Task details — Write out exactly, and only, the lines below from the line with "Genuine .85ct Diamond Ring 14KT White Gold" through the line with "China Stretch fashion"; pictures do not belong in the copy.

Working data —
■ ■ ■ ■

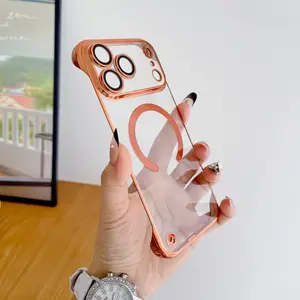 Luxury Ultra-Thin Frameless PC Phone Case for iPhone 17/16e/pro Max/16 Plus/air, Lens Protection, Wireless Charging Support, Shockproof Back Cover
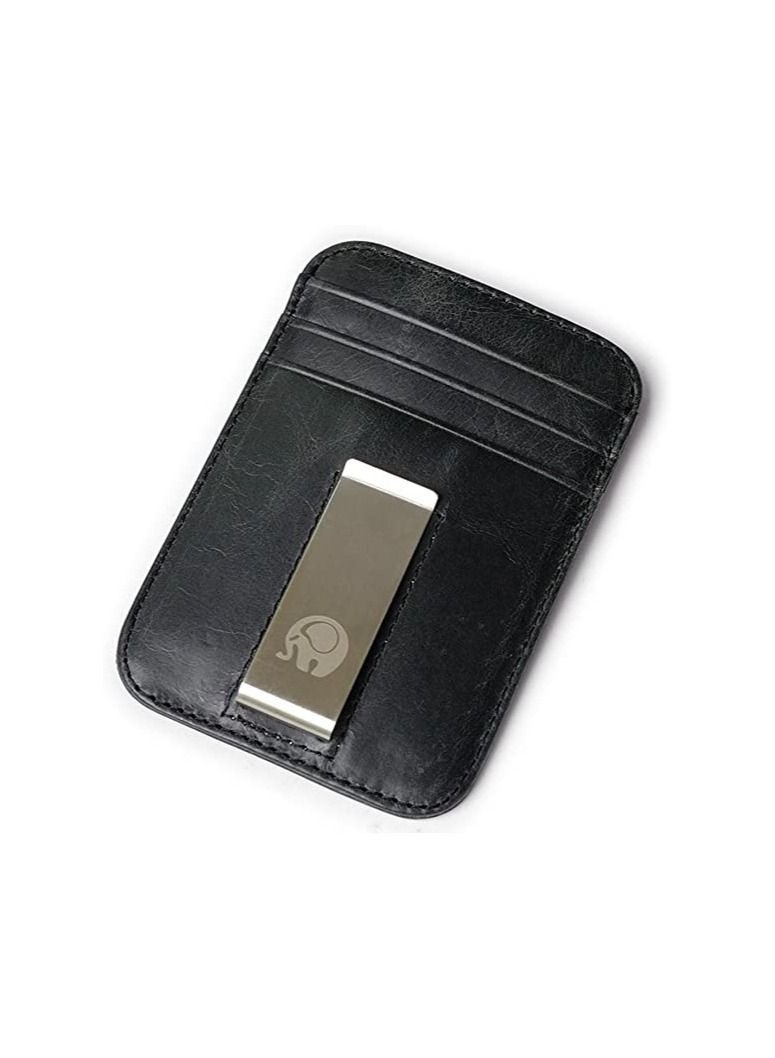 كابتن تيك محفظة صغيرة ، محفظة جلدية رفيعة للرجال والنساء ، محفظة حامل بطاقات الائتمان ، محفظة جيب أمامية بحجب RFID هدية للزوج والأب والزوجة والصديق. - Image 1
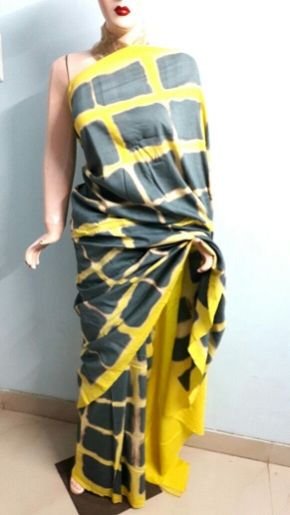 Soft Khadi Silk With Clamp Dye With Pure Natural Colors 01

■ ■ ■ ■

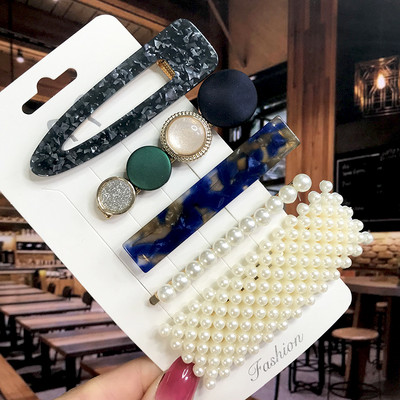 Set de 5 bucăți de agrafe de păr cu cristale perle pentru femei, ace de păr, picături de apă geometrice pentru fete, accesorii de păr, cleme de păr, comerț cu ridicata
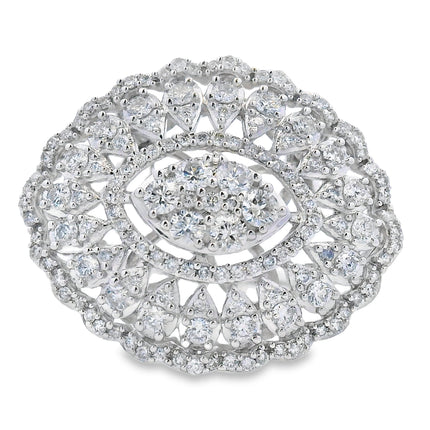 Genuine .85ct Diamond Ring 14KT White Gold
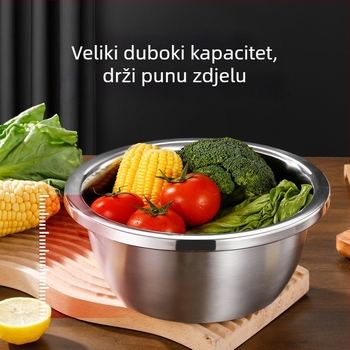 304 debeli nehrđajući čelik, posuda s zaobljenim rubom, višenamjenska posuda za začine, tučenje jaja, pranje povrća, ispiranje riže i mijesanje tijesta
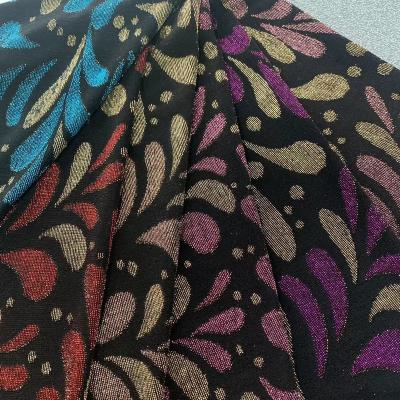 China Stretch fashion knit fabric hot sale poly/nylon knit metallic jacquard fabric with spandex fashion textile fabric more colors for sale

■ ■ ■ ■

Completed exercise —
 Genuine .85ct Diamond Ring 14KT White Gold
 304 debeli nehrđajući čelik, posuda s zaobljenim rubom, višenamjenska posuda za začine, tučenje jaja, pranje povrća, ispiranje riže i mijesanje tijesta
 China Stretch fashion knit fabric hot sale poly/nylon knit metallic jacquard fabric with spandex fashion textile fabric more colors for sale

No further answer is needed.